Für die Frage der weiteren Anspruchsverfolgung gegen die Komplementär-Limited verwies das OLG zurück an das Landgericht. Allerdings äußerte sich das OLG gleichwohl zu der Frage, wie sich die bereits erfolgte Löschung der Komplementär-Limited aus dem englischen Register auf die weitere Anspruchsdurchsetzung auswirkt: Auch eine nach englischem Recht bereits gelöschte Limited bestehe als juristische Person in Form einer Liquidationsgesellschaft weiter, solange noch verteilungsfähiges Vermögen in Deutschland vorhanden sei, so das OLG. Vorliegend war von der Klägerin vorgetragen worden, dass der Komplementär-Limited im Zeitpunkt ihrer Löschung noch bestimmte Schadensersatzansprüche gegen Dritte zugestanden hätten und somit Restvermögen in Deutschland vorhanden gewesen sei.

Zwar befand das OLG, dass die Löschung und Auflösung nach englischem Recht als solche prinzipiell vom deutschen Recht anzuerkennen sei.

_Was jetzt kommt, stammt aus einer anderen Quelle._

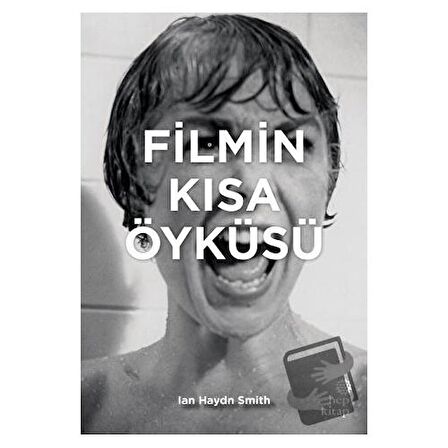 Filmin Kısa Öyküsü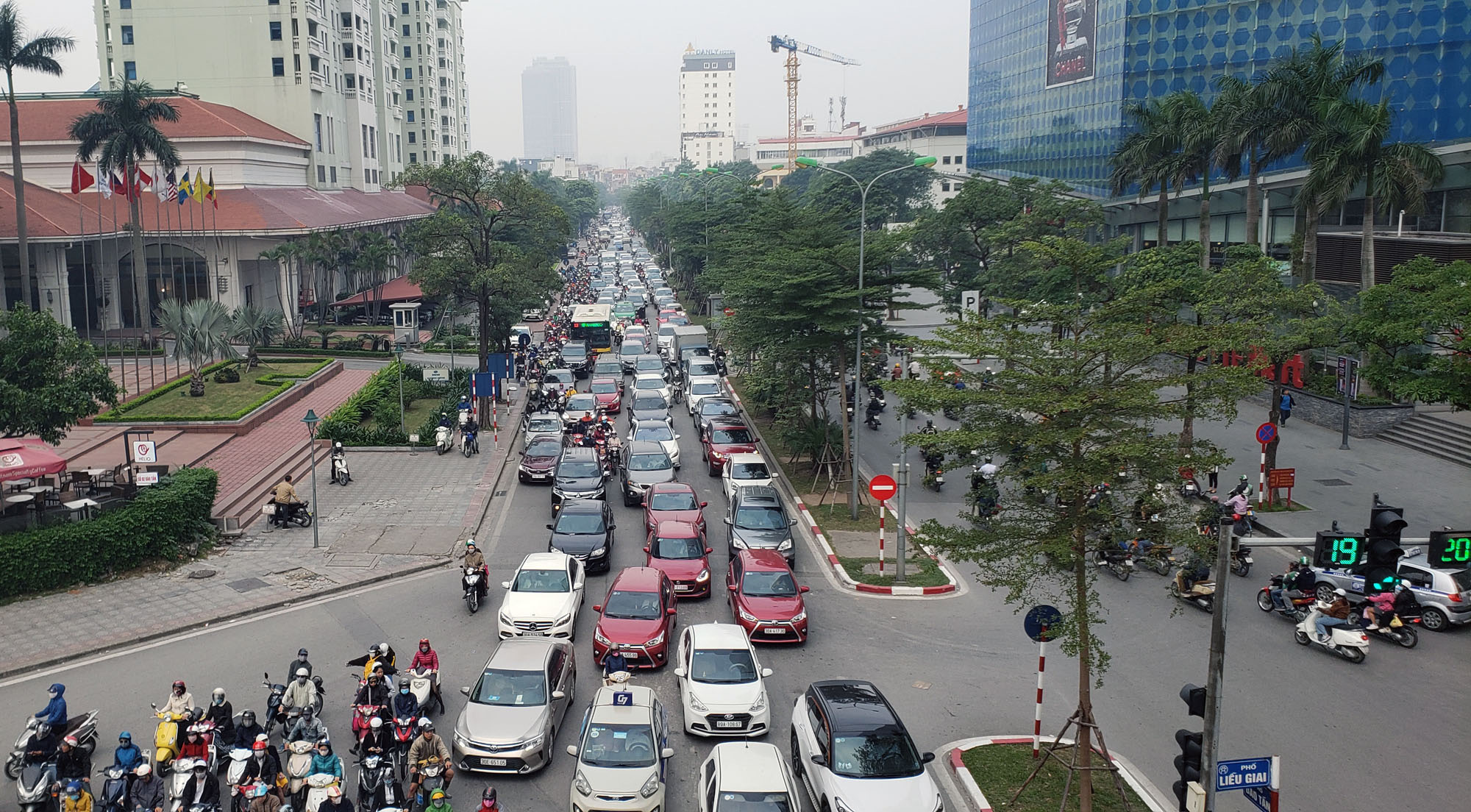 nha-mat-pho-tai-duong-dao-tan-phuong-cong-vi-quan-ba-dinh-co-gia-ban-bao-nhieu-onehousing-1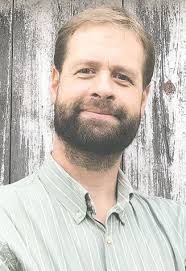 Huron County View introduces new guest columnists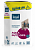 Штукатурка гипсовая Bergauf Aqua Putz Gips 25кг (Бергауф)для влажного помещения фото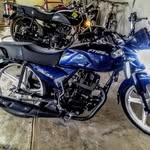 alfonso balderas - @alfonso.balderas.9279 - Instagram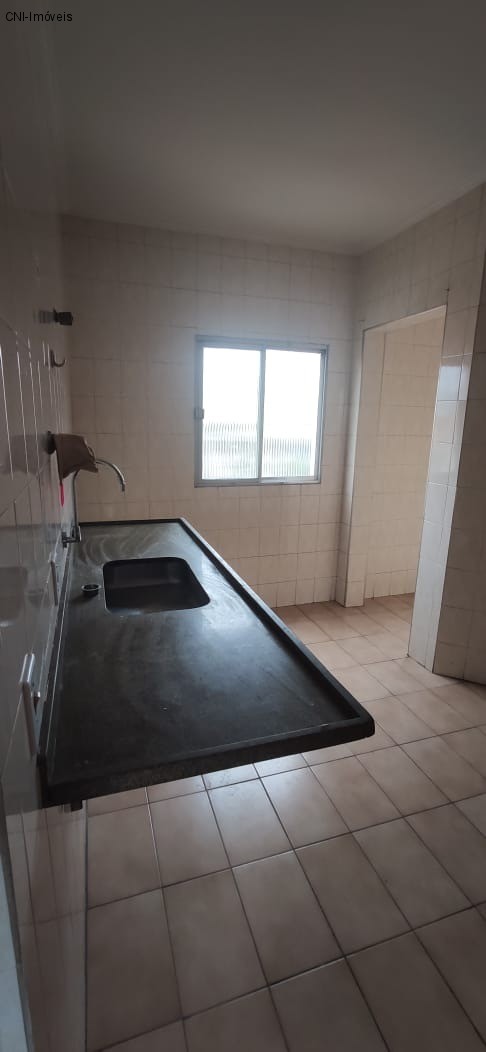 Apartamento à venda com 3 quartos, 80m² - Foto 11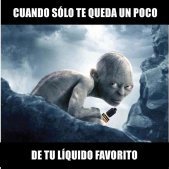 Nazgul_8083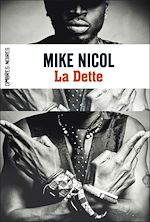 Télécharger le livre :  Trilogie de la Vengeance (Tome 1) - La Dette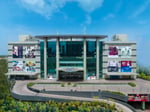 Infinity Mall Vadodara - Thumbnail 7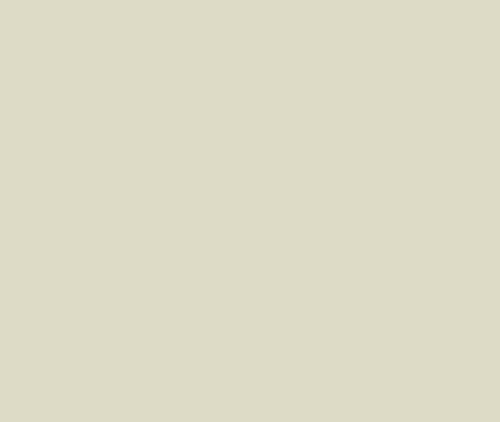Antique Green Binca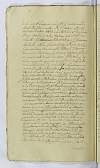 PL_1_23-5-032_0368.jpg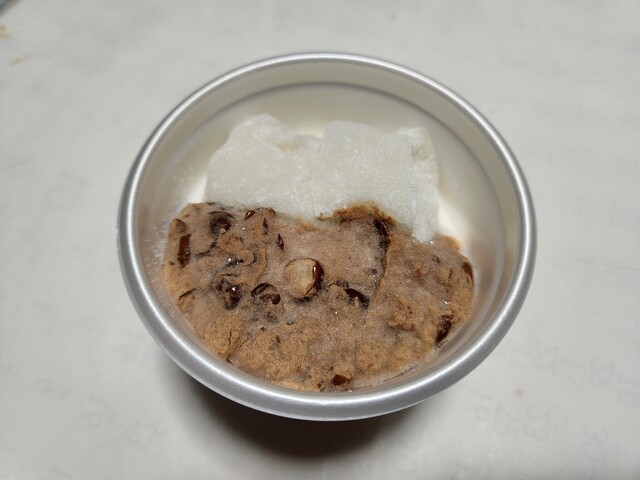 小樽あまとう イトーヨーカドー琴似店販売コーナー的实拍高清图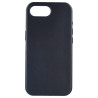 Coque Business Compatible avec Magsafe pour iPhone 16e - La Casa de las Carcasas, Accessoires et Coques pour téléphones portable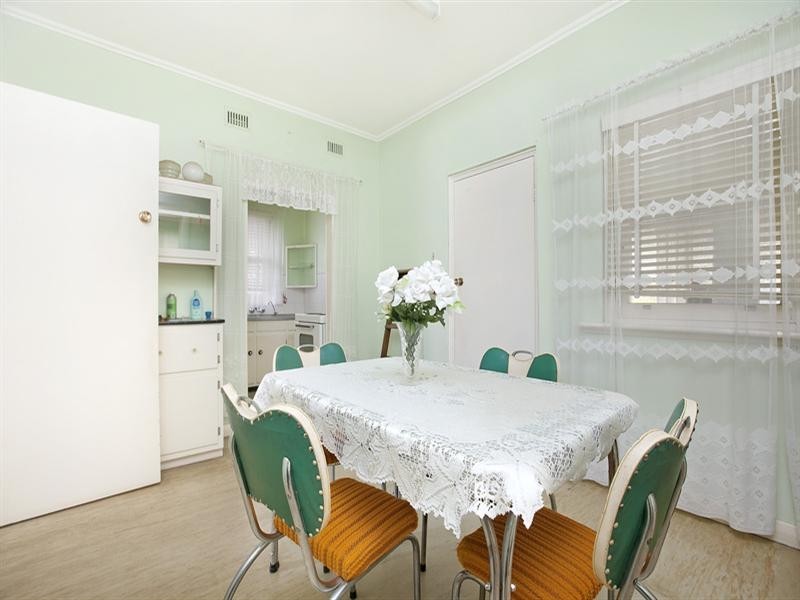 29 Gliddon Street, Rosewater SA 5013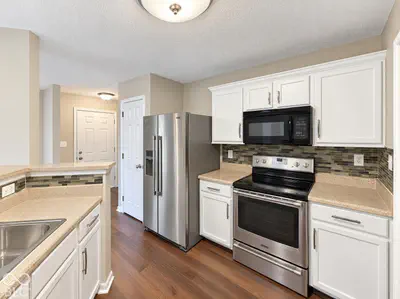 1191 Cutler Lane, Greenwood - 2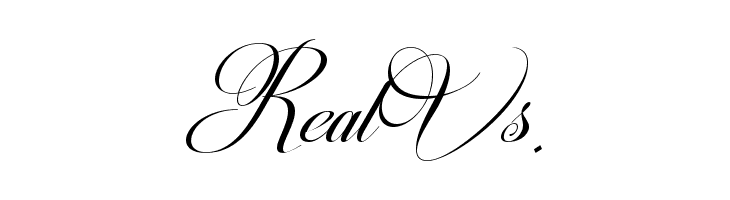 Christmas Calligraphy-Personal  Free Fonts Download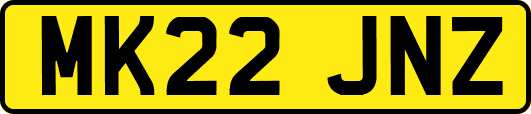 MK22JNZ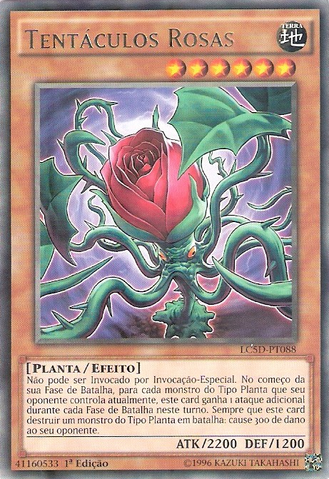 File:RoseTentacles-LC5D-PT-R-1E.png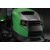 Садовый минитрактор Caiman Rapido Max Eco 2WD 97D1C2 в Нижнем Новгороде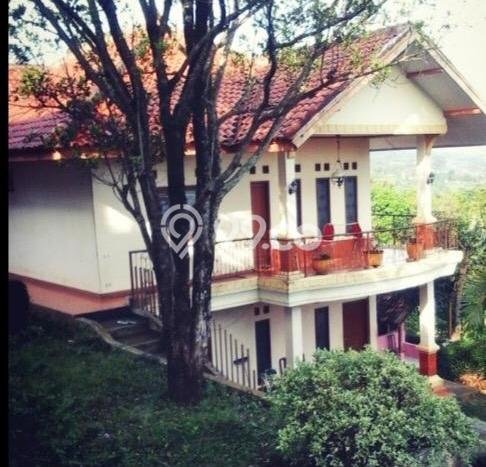 Tanah Dijual di Bandung Seluas 15390m2 Strategis Tanah Dijual di Bandung Seluas 15390m2 Strategis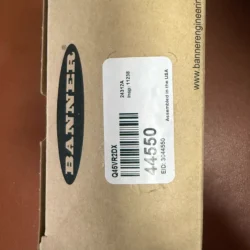 Q45VR2DX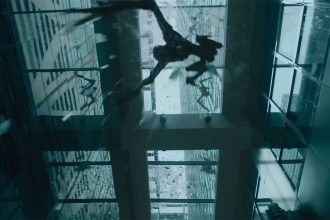 Hang nélkül: Első nap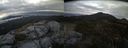 ./images/calvert/buxton2/20150509/buxton220150509_195503M.jpg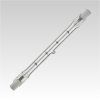 NARVA Žárovka halogenová 120W lineární R7s  118mm
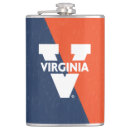 Pesquisar por faculdade cantis Wahoos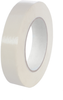 Adhesive Tapes, Film, Polyester Laminate -- h-old PT.25 - Image
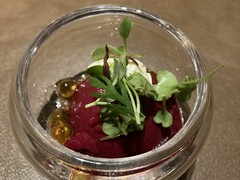 District Brasserie, Bar, Lounge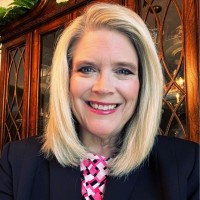 Elizabeth Franks
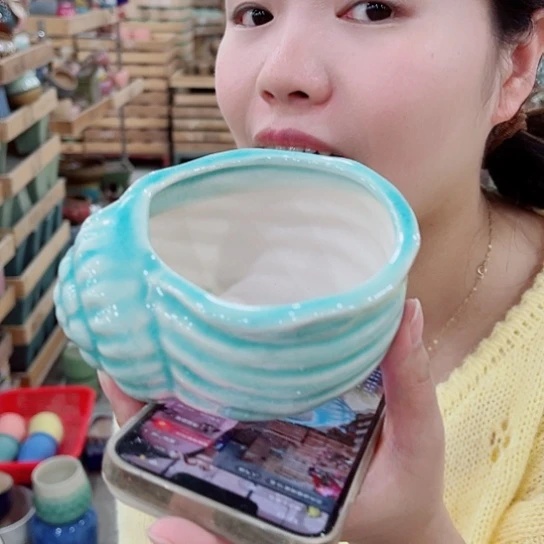 花盆凑单福利满10元发货！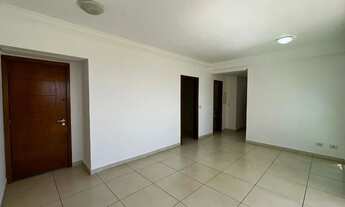 Imagem 2: Apartamento de 129 m² com 03 suítes para alugar por R$ 3.500,00 / mensais no Setor Vila Ma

Auch falle das in England vorhandene Vermögen, wie im englischen Recht vorgesehen, der englischen Krone anheim. Allerdings erstrecke sich dieses sog. Heimfallrecht aufgrund des Territorialitätsprinzips nicht auf das in Deutschland abzuwickelnde Vermögen; dieses sei zu liquidieren.

Fazit

Ganz im Einklang mit der herrschenden Auffassung in Literatur und Rechtsprechung stellt das OLG in dem vorliegenden Urteil fest, dass eine KG nach Austritt des einzigen Kommanditisten aufgelöst ist und ihre Aktiva und Passiva kraft Gesetzes im Wege der Gesamtrechtsnachfolge auf den verbleibenden Gesellschafter übergehen.

Bedeutsamer sind die weiteren Verfahrenshinweise des Gerichts hinsichtlich der gelöschten englischen Limited. Dass diese bei Vorliegen von Restvermögen in Deutschland zunächst fortbesteht, entspricht zwar der herrschenden Meinung. Umstritten ist jedoch, welches Recht auf die verbleibende „Restgesellschaft“ Anwendung findet. Viele Vertreter in Literatur und Rechtsprechung (z.B. OLG Hamm, Urt. v. 11.04.2014 – I-12 U 142/13) kommen in Anwendung deutschen Gesellschaftsrechts zur Qualifizierung als Personengesellschaft in Form einer offenen Handelsgesellschaft (OHG) oder einer Gesellschaft bürgerlichen Rechts (GbR). Das OLG Brandenburg folgte im vorliegenden Fall der Gegenauffassung und ließ die Limited bis zur Beendigung der Liquidation in Deutschland als juristische Person fortbestehen. Das OLG stellt damit im Ergebnis auf die Wertungen des englischen Gesellschaftsrechts ab. Aufgrund der unterschiedlichen Haftungsregime von Limited und OHG/GbR dürfte diese Unterscheidung nicht rein akademischer Natur sein.

Ein klärendes Urteil des BGH zu dieser Streitfrage steht noch aus – bis dahin ist weiterhin mit widersprüchlichen Gerichtsentscheidungen zu rechnen. Spannend bleibt das Schicksal der gelöschten Limited nicht zuletzt aufgrund des Brexit: In der Literatur wird das vom OLG Brandenburg befürwortete Abstellen auf das englische Recht unter anderem mit den EU-Grundfreiheiten begründet. Wie so oft in den letzten Monaten stellt sich also auch hier die Frage, welche rechtlichen Auswirkungen ein Austritt des Vereinigten Königreichs aus der EU nach sich ziehen wird.